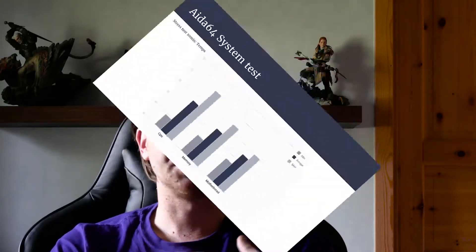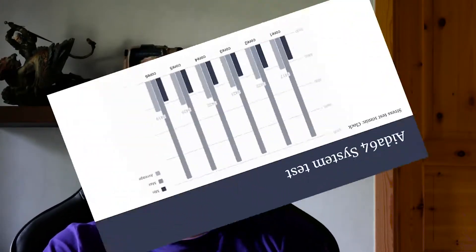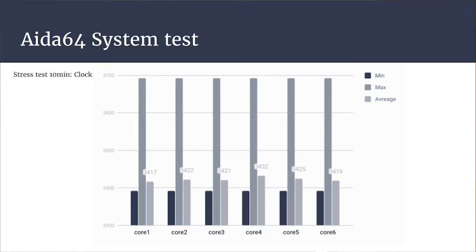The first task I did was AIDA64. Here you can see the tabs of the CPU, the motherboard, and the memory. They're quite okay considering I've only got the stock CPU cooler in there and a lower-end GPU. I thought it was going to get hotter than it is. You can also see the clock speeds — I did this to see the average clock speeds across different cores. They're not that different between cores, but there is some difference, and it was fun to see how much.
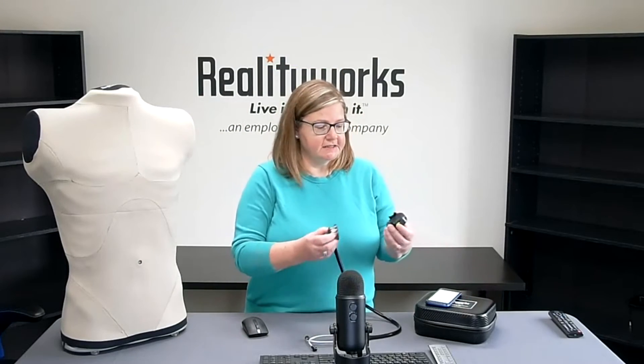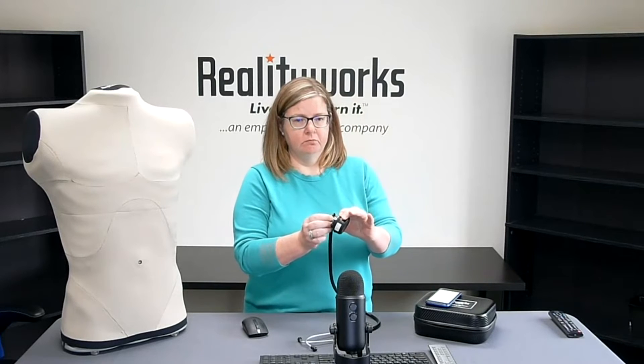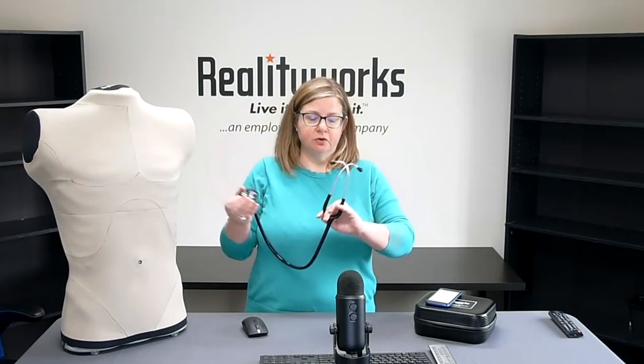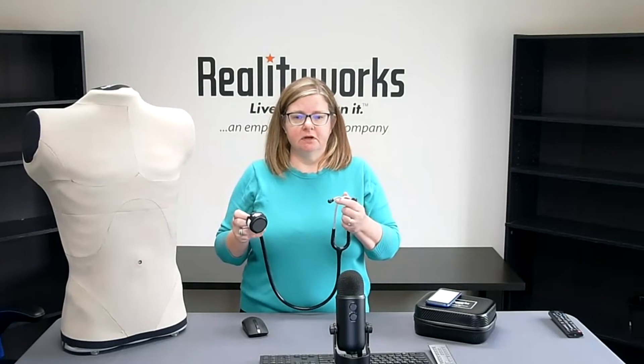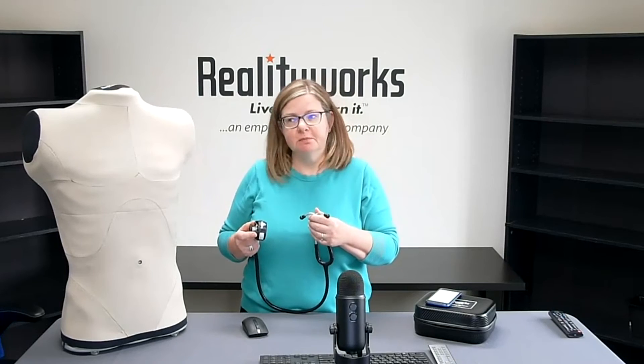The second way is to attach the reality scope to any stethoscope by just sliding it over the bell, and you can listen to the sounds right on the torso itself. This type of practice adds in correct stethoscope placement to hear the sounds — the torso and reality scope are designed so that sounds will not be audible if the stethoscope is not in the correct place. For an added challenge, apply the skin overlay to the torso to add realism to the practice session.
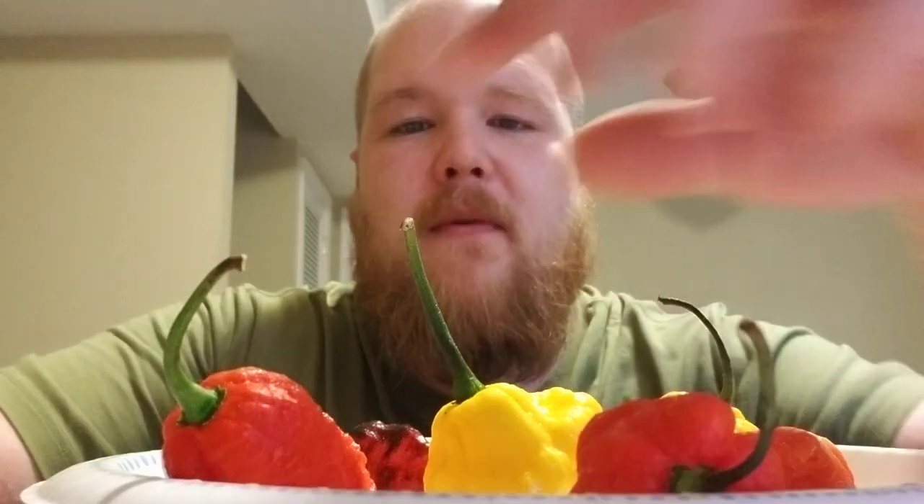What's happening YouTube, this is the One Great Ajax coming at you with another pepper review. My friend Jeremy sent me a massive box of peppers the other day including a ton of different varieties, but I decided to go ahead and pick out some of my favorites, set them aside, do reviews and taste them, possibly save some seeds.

:::

All of the data above should be transcribed verbatim, with pictures omitted.

The first task I did was AIDA64. Here you can see the tabs of the CPU, the motherboard, and the memory. They're quite okay considering I've only got the stock CPU cooler in there and a lower-end GPU. I thought it was going to get hotter than it is. You can also see the clock speeds — I did this to see the average clock speeds across different cores. They're not that different between cores, but there is some difference, and it was fun to see how much.
The second way is to attach the reality scope to any stethoscope by just sliding it over the bell, and you can listen to the sounds right on the torso itself. This type of practice adds in correct stethoscope placement to hear the sounds — the torso and reality scope are designed so that sounds will not be audible if the stethoscope is not in the correct place. For an added challenge, apply the skin overlay to the torso to add realism to the practice session.
What's happening YouTube, this is the One Great Ajax coming at you with another pepper review. My friend Jeremy sent me a massive box of peppers the other day including a ton of different varieties, but I decided to go ahead and pick out some of my favorites, set them aside, do reviews and taste them, possibly save some seeds.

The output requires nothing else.